Note that if you wish to remove the shared drive letter and redo you can type :

net use t: /delete

Once the drive letter has been created you should be able to browse to it when you are creating a new RStudio project with :

RStudio, File, New project, New directory, New project, & type in a name, e.g. my-first-project

More reasons for using RStudio projects are outlined here by Jenny Bryan where she threatens to set on fire the computer of people who start their R scripts with something like setwd(“C:/Users/jenny/”)
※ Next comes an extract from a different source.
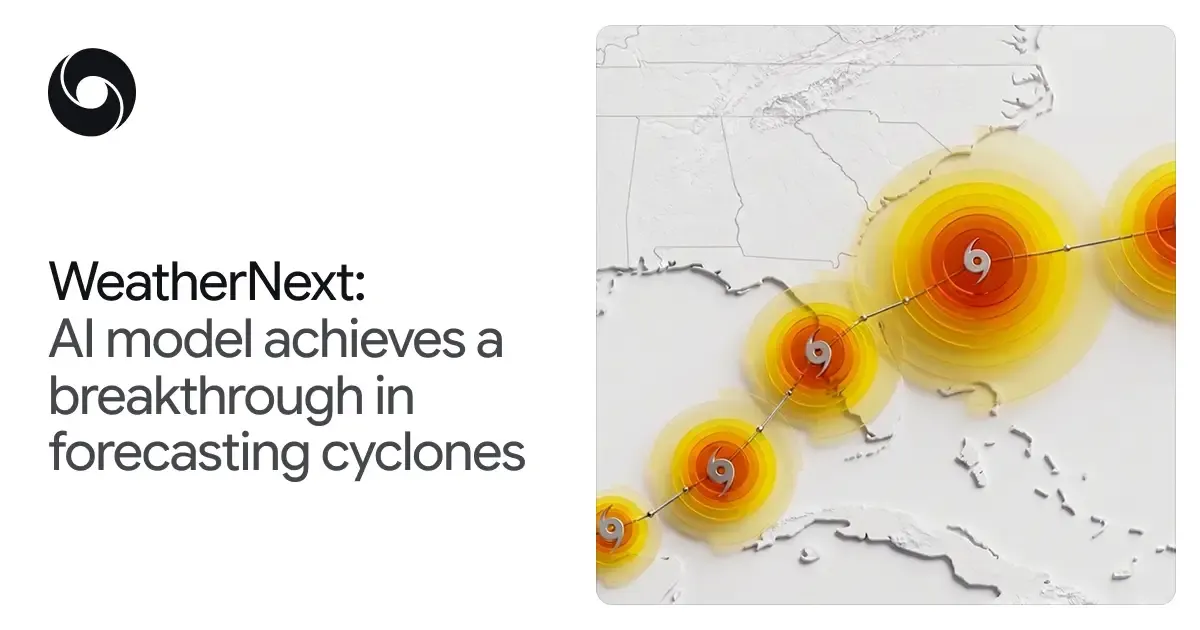 WeatherNext AI model promises an extra day of cyclone forecasting accuracy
10.4 Naming of files, columns, variables etc.

It is good to have a system for naming things. Various systems are available.

Many recommend to avoid spaces, accents, capital letters and special characters in names.

This is a simple system we recommend :

File and folder names like this using - to separate words :
my-usefully-named-file.txt
2022-02-patient-data-myeloma.csv
my-usefully-named-r-script.r

Column names, object and function names in R using **_** to separate words :
weight_kg
n_patients

10.5 Folder structure within RStudio projects

When you create a blank RStudio project it has no internal folders. Carefully considering the folder structure can make your life much easier later.

For a small starting project. It can be simplest just to separate code and data.

For this we suggest the following internal folders :

data-raw/
data/

data-raw/ is for data that you have obtained (e.g. csv or xls) and you should keep it unmodified.
data/ is for data that you are using yourself and may have modified. It could bs .csv or saved from R as .rds

If you have sql code add this :
sql/

You can then store R scripts or RMarkdown files in the home directory of the project.

This is similar to the structure recommended by rfortherestofus, except that he also suggests having an R/ folder to contain R scripts that can be used from within different RMarkdown documents.

Within this structure you can have files named something like this in the home directory of the project in the sequence that they need to be run. These could also be .Rmd files.
0-get-data.R
1-clean-data.R
2-plot-data.R
3-model-data.R

For larger projects you may want to have folders named similarly to the files above.

You may also want to create folders for outputs of the project like plots/ or tables/.

10.6 Secure transfer of data

You can receive/send data files (e.g. csv) via your NHS email account. To get files into Data Science Desktop open your email in a web browser in Data Science Desktop and save to a subfolder of your Documents folder as suggested above.